Her name was Ava Adams. She was a slender and wide blue eyed beauty of 19 years old who had never been in love. Long jet black hair framed her alert face, always watching and absorbing all of the life around her. Ava had  a manic desire for the heart of another. It consumed her waking thoughts and haunted her dreams. She craved the taste of passion, yearned to know the smell of love.  She would wander aimlessley around the streets serching for the one. She would often pretend to read a book on a park bench, silently watching all those who passed her. 

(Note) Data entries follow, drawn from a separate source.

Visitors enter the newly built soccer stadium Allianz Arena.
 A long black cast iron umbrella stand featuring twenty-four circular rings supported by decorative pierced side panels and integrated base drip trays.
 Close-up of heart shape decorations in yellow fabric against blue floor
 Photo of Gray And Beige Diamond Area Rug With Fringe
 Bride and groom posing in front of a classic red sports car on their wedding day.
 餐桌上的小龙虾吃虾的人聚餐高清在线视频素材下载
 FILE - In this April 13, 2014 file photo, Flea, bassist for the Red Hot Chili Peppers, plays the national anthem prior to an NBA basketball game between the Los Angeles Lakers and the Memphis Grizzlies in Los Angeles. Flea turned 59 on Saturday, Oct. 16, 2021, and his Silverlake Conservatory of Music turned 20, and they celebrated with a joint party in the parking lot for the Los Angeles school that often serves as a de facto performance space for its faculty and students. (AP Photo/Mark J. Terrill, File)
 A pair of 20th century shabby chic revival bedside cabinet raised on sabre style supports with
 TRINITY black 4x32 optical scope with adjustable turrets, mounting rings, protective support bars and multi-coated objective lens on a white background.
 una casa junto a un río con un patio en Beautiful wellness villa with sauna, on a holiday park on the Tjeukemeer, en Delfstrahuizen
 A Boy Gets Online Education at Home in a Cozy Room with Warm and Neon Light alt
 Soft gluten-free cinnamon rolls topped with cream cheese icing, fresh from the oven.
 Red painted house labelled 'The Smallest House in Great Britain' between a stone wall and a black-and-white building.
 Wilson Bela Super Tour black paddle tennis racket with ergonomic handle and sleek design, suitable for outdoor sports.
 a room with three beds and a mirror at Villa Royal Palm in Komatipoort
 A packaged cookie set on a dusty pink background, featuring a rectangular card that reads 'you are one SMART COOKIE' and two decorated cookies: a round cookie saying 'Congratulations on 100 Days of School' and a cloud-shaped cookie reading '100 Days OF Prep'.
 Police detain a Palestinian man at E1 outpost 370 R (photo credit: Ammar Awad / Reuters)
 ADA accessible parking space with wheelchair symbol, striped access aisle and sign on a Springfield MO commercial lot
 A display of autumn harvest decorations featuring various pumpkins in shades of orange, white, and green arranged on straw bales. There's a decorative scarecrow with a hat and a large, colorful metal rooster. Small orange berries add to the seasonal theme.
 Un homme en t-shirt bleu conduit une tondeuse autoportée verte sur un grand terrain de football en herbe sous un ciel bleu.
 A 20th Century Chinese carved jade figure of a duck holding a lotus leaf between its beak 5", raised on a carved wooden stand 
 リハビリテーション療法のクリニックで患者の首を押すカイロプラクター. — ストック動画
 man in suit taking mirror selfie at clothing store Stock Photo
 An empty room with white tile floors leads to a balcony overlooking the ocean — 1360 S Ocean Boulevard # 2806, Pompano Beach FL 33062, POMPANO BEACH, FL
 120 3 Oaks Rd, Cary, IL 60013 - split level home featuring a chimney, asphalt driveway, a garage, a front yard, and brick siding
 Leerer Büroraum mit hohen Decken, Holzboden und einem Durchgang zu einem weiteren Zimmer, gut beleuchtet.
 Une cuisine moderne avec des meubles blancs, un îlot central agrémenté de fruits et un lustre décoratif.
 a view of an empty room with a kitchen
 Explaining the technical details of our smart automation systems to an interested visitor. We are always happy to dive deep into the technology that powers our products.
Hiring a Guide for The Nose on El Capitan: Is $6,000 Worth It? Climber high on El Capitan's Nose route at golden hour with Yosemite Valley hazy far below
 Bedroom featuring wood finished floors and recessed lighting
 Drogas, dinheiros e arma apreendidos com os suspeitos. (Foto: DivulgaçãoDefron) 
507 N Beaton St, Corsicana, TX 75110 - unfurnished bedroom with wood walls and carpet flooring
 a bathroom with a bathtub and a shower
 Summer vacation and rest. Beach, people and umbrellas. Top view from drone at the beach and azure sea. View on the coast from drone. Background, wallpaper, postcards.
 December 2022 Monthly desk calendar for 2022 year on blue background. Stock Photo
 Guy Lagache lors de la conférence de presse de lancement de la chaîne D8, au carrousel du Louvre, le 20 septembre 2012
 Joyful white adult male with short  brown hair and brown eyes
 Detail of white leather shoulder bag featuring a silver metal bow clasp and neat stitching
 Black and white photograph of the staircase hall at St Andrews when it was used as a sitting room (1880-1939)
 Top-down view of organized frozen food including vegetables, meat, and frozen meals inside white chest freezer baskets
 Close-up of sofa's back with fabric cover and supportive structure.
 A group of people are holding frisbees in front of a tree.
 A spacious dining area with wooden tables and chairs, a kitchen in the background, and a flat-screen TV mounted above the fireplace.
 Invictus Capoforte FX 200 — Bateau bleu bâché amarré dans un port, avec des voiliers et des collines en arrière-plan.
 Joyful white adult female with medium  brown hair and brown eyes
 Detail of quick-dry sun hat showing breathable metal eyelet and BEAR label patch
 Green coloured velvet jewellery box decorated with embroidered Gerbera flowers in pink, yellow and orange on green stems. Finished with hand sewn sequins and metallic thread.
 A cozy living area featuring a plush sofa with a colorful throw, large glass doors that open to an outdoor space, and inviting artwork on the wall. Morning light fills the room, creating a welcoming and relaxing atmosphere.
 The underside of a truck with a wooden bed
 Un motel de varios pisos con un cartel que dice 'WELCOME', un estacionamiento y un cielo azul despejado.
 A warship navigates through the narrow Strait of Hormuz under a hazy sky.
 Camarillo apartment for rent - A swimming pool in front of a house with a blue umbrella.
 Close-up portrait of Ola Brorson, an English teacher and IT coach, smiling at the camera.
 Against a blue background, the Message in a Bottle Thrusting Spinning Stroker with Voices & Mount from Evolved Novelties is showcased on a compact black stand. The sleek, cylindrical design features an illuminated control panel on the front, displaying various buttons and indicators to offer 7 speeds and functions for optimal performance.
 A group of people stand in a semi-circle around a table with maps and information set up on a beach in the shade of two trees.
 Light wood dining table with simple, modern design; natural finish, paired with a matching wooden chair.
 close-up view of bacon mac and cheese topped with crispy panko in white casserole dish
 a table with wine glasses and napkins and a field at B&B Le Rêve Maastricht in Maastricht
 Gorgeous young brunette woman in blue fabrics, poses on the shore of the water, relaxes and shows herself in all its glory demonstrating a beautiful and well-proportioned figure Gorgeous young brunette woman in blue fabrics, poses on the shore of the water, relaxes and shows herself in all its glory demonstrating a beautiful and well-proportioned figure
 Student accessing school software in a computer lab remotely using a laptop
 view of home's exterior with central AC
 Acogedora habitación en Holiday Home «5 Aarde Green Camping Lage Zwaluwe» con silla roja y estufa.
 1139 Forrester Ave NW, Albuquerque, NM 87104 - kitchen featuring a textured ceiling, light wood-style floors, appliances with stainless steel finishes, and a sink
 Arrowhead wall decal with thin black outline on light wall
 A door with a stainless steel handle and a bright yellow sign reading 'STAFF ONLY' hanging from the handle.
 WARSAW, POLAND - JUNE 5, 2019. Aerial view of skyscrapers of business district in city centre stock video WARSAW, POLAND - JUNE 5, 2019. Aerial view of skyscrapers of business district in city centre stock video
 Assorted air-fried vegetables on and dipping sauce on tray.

One day a young man approached her as she sat on the bench.  He was tall and just as slender as her.  Hair as radiant as the sun which fell into his sea-green eyes.  She sat and he stood, both staring at each other. Ava felt herself drowning in his eyes. She knew he was the one. He knew it too.


He put his hand up to his chest and reached inside himself.  His body shimmered and shook as he pulled out his glowing red heart. He held it out in front of him, resting it in both hands.  Pulsing intensely as a heart in love does.  Ava took the heart from his hands. She gazed into it and saw his passion. Sighing,  she looked back at the young man and saw the confusion on his face as the tears poured from her round, sad eyes.  


She put her nose to his heart and could smell his love, but also a hint of the creeping onset of fear  As she took the first bite, the young man fell to the ground sobbing. She devoured his heart, his moans subsiding with each bite.  


Ava sat on the bench covered in the young mans crimson blood, mixed with her tears, as he lay silent and limp at her feet.  She felt her heart break and the sorrow seep into her soul. This wasn't what she thought love would be like.  She wasn't supposed to feel this pain, this heart ache, this destruction of herself.  


Ava stood up and knelt down next to the young man. She kissed his already cold lips. She then turned and walked away, promising herself the she would never love again.


----------



## Bard_Daniel (Jul 17, 2016)

Woah. A metaphor taken quite literally! You managed to capture the right feel of flash fiction and I give you a thumbs up for that. It's hard to do right.

I enjoyed it. Graphic but imbued with a potency that is fitting. Your ending was also spot-on. 

Good work! Thanks for sharing!


----------



## escorial (Jul 18, 2016)

so many adjectives and full of youthful exuberance with a twist..cool


----------



## LOLeah (Jul 27, 2016)

This is pretty cool. Dark, but I dig the idea. Of only knowing love through this sacrifice of your beloved. I would love to read more.

It is a little heavy on the adjectives for me, sometimes less is more, but that's really a personal taste. Just a few nitpicks:

"She would wander aimlessley around the streets serching for the one."
If she is searching for the one then she isn't wandering aimlessly.

"A hint of the creeping onset" seems a little redundant.


----------



## stevew84 (Sep 22, 2016)

I dug this. Straight forward and right to the point.

The sub genre of romance that is "love equals death" really interests me. I have a story that I will post here in the Romance forum that I hope everyone enjoys, just trying to get to that 10 post limit before I can do so.

But yea, a tense issue

"She would often pretend to read a book on a park bench, silently watching all those who passed her."

That's a mix of present/past tense int he same sentence.

Don't mean to hijack the thread, but you might like my story that you can read here.

http://www.writingforums.com/threads/168158-Release-(3-233-Graphic)


----------



## Itachi (Oct 26, 2016)

This is described really well. Very descriptive.


----------